Однако преступлению предшествовала искренняя попытка героя найти иной путь. Подчиняясь «нравственному чувству», он уходит из города, бросается на землю и обращается с мольбой к Богу: «Господи! <…> покажи мне путь мой, а я отрекаюсь от этой проклятой… мечты моей!» [6; 50]. Это обращение к Богу является мобилизацией всех остатков жизни в душе, задавленной гордыней и верой во всемогущество разума. Но гордыня воспрепятствовала Раскольникову понять волю Бога, открытую во сне «о лошади», в котором был зримо показан как собственный путь Раскольникова (защита всех униженных и оскорблённых), так и то, что итогом развития страсти гордыни обязательно станет бессмысленное, жестокое и кровавое преступление.
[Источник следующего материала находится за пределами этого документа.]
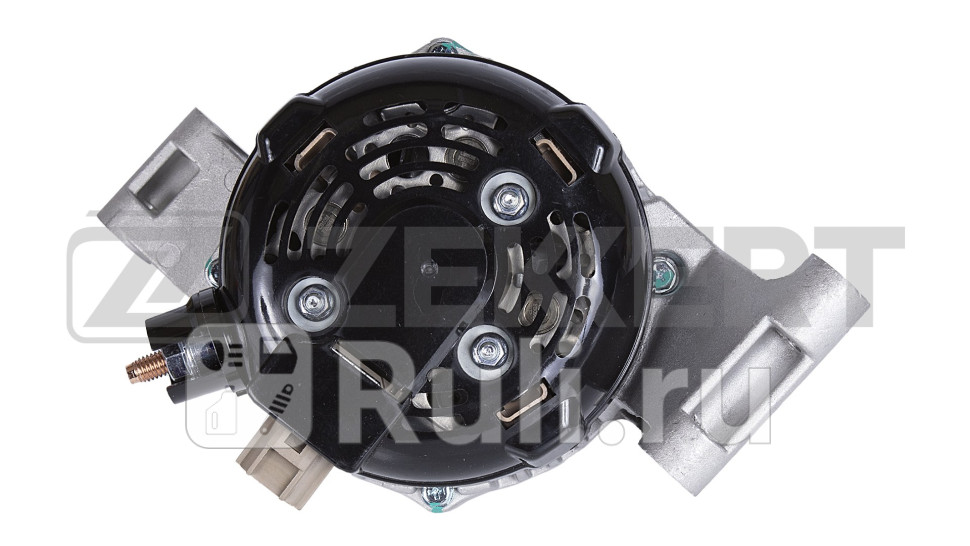 Генератор Ford Focus II 04- C-Max 04- Zekkert ge-1008 15310₽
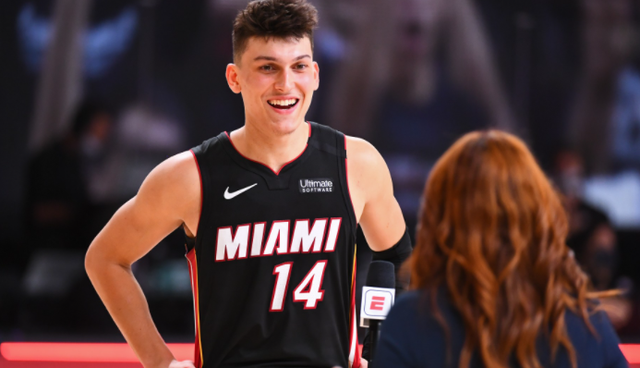 斯通斯：今天晚上作为一个整体，我们表现得不够好（斯通斯：今晚全队发挥欠佳）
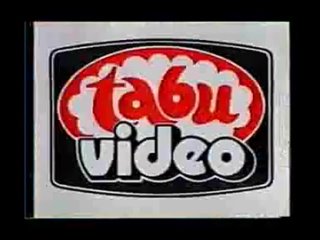 porn чертовски горячая невеста 1990 часть 2 hd
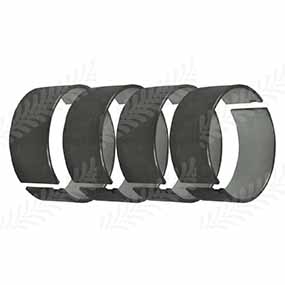 24/3-61A - CONNECTING ROD BEARING SET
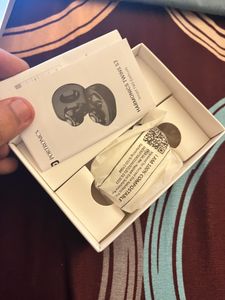Portronics Harmonics Twins S3 New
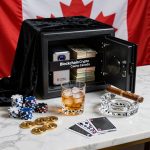 Innovative Online Blockchain Slots with Web3 Features in Canada: A New Era of Gaming 79-A-professional-commercial-product-shot-showcasing-.jpg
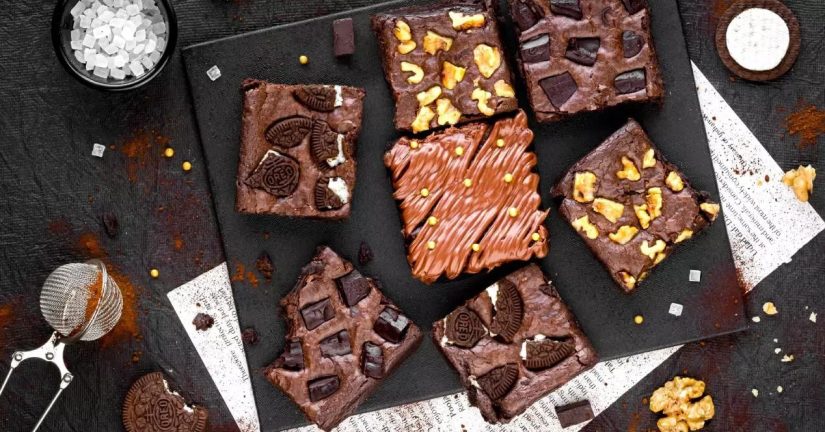 choco Merca2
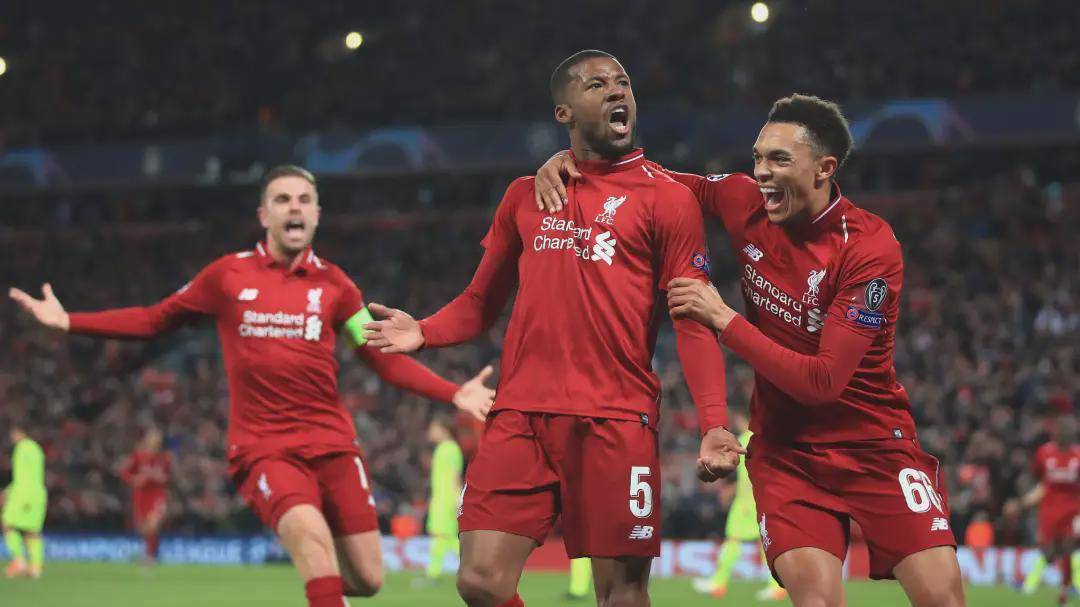 中国女排世锦赛名单基本确定：李盈莹或缺席，美国站16人选14人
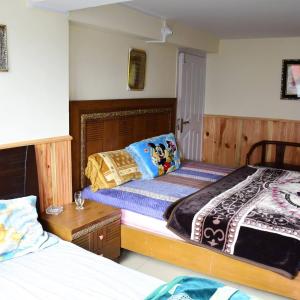 Quality Inn Hotel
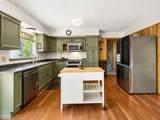 1412 Lassen - Photo 9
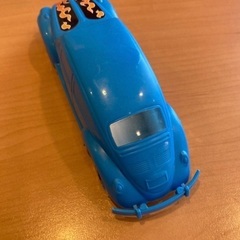 🔥 ワイルドな 🚙  VW type1❗️( *ﾟ▽ﾟ) ﾉの画像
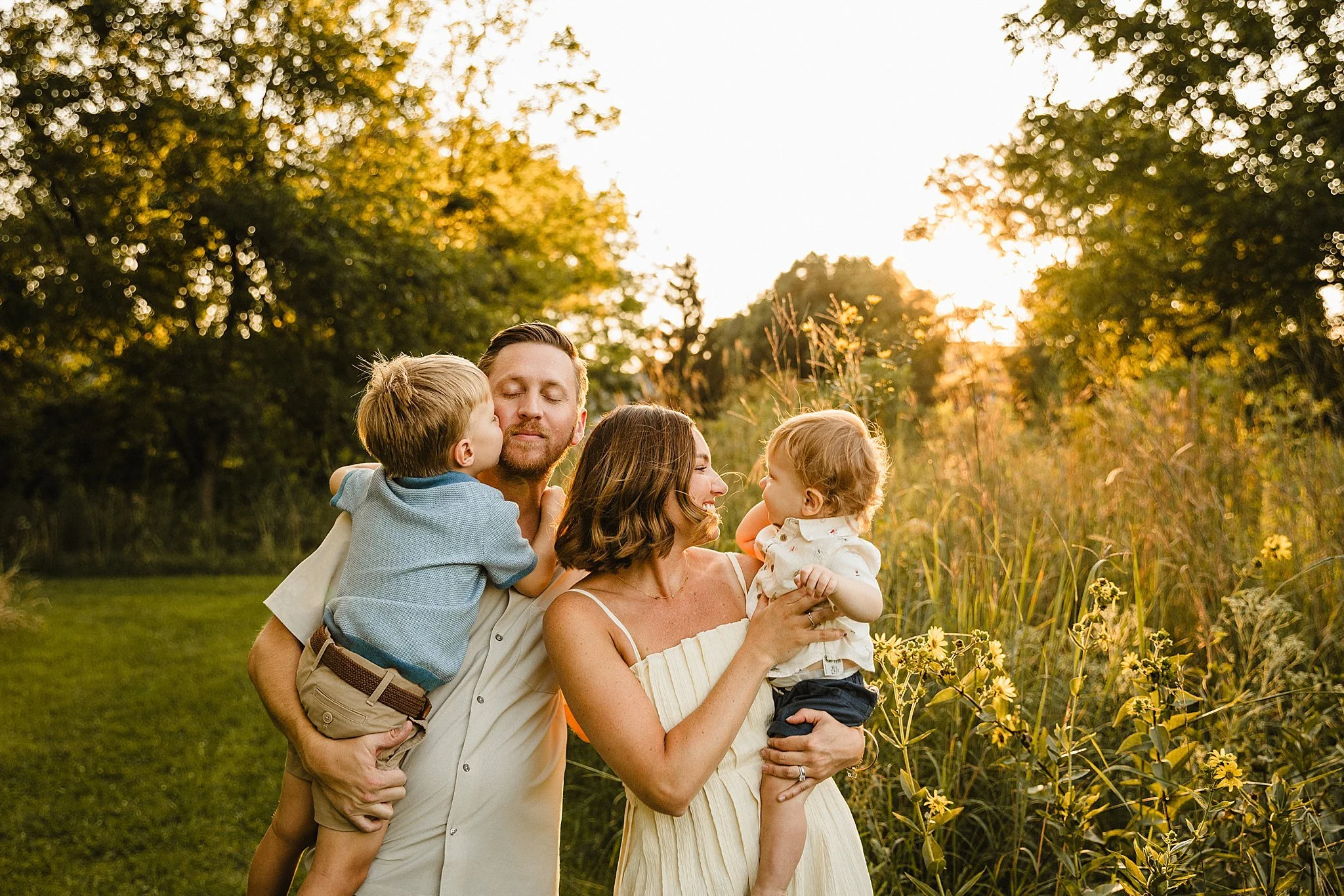 family photographers elmhurst.jpg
Но Раскольников не понимает и не принимает откровения Божия, а лишь требует: «Покажи мне путь мой…». О причине этой духовной слепоты догадывается Соня: «От Бога вы отошли, и вас Бог поразил, дьяволу предал!» [6; 321]. Раскольников действительно отошёл от Бога, не видя проявлений Его воли в окружающем мире, полном торжества лужиных и неискуплённого страдания «вечных Сонечек». Поэтому он «решил осмелиться» стать богом и установить в мире справедливость, но использовал для этого те средства, которые предложил ему сатана[36].

С того момента, как Раскольников позволил мысли о допустимости «одного злодейства ради тысячи добрых дел» стать частью своей души, он попал под власть сатаны и «всем существом своим вдруг почувствовал, что нет у него более ни свободы рассудка, ни воли и что всё вдруг решено окончательно» [6; 52]. Происходящее подействовало на него «почти совсем механически: как будто его кто-то взял за руку и потянул за собой, неотразимо, слепо, с не естественною силой, без возражений. Точно он попал клочком одежды в колесо машины, и его начало в неё втягивать» [6; 58]. Эта сила привела его на Сенную, куда «ему было совсем лишнее идти» [6; 50], и подвела к разговаривающей Лизавете. Она же дважды уводила дворника из дворницкой. И именно благодаря ей в ворота старухиного дома «въехал <…> огромный воз сена, совершенно заслонявший его всё время, как он проходил подворотню…» [6; 60]. Именно она оставила открытой дверь, через которую вошла Лизавета, а после увела от неё Коха и выгнала красильщиков из подъезда на улицу, а затем помогла уничтожить улики и спрятать похищенное. Раскольников догадывался, кто именно помог ему осуществить задуманное: «Не рассудок, так бес!» [6; 60]. Но только совершив преступление, он до конца понял происшедшее: «Это когда я в темноте-то лежал и мне всё представлялось, это ведь дьявол смущал меня? <…> …Я ведь и сам знаю, что меня чёрт тащил» [6; 321]; «Чёрт-то меня тогда потащил, а уж после того мне объяснил, что не имел я права туда ходить…»; «Старушонку эту чёрт убил, а не я…» [6; 322] и т. д.